Au vu de vos années d'ancienneté (9 ans), nous vous avons proposé, lors de notre entretien du 6 septembre 2004 (auquel vous avez été convoqué par lettre recommandée datée du 1er septembre 2004), deux solutions de reclassement sur notre établissement de Saint-Malo ; ces deux propositions vous ont été confirmées par courrier recommandé du 20 octobre 2004.

Vous avez accepté la proposition de responsable du camion lavage de réservoir (cf. votre correspondance avec AR du 12/11/2004).

Or , depuis votre prise de fonction le 15 novembre 2004 à ce jour, nous faisons l'objet de très nombreuses remarques négatives à votre encontre.

Notamment, vos différentes altercations avec l'adjointe de votre responsable hiérarchique, des remontrances de nos clients vis à vis de votre comportement, vos critiques incessantes à l'égard du matériel que nous mettons à votre disposition (matériel déjà utilisé par l'équipe précédente avec adaptation et une très bonne qualité de service).

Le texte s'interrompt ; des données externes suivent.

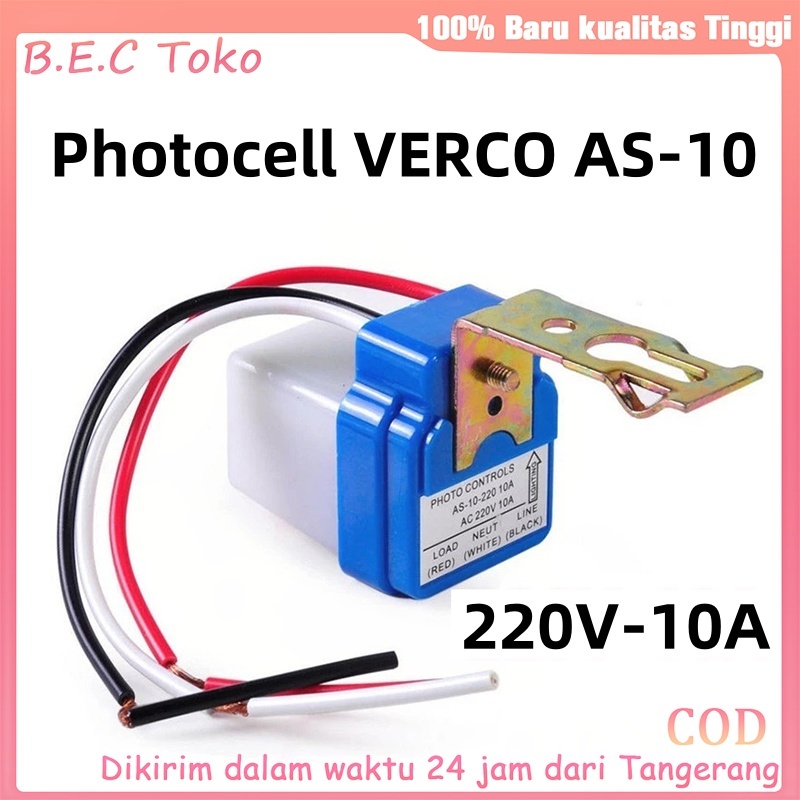 Sensor Photocell Saklar Otomatis / sensor cahaya Saklar Otomatis Siang Malam 220V 10A / Sensor Cahay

Vous avez délibérément mis au rébus les affaires de travail (paire de bottes) de votre collègue ainsi que du matériel (bandelettes PH) qui est indispensable pour le contrôle de votre travail, et qui a un coût relativement élevé.

Vous reporte(z) sur vos feuilles hebdomadaires des heures incohérentes par rapport à la personne qui fait équipe avec vous.

Enfin, le dernier fait en date remonte au 7 décembre 2004, où notre client Générale des Eaux Antrain nous a fait parvenir une télécopie dans laquelle il nous fait part de son très vif mécontentement, en nous expliquant que vous ne respecte(z) pas les horaires d'intervention réclamées par notre client (obligatoires dans le domaine de l'eau potable pour ne pas rompre l'alimentation en eau).

De plus, nous constatons que vous ne respectez pas le planning de travail, notamment en venant travailler les jours normalement chômés.

Dans notre courrier du 20 octobre 2004 (recommandé avec AR), nous vous avons mis en garde que notre entreprise ne pouvait plus accepter de tels faits et désirait voir de votre part un changement de comportement.

Or , au vu des faits décrits ci-dessus, il s'avère que votre comportement demeure inchangé, malgré nos nombreux avertissements, inacceptable et génère un préjudice économique important à notre société par la perte de contrat ou de confiance de nos clients.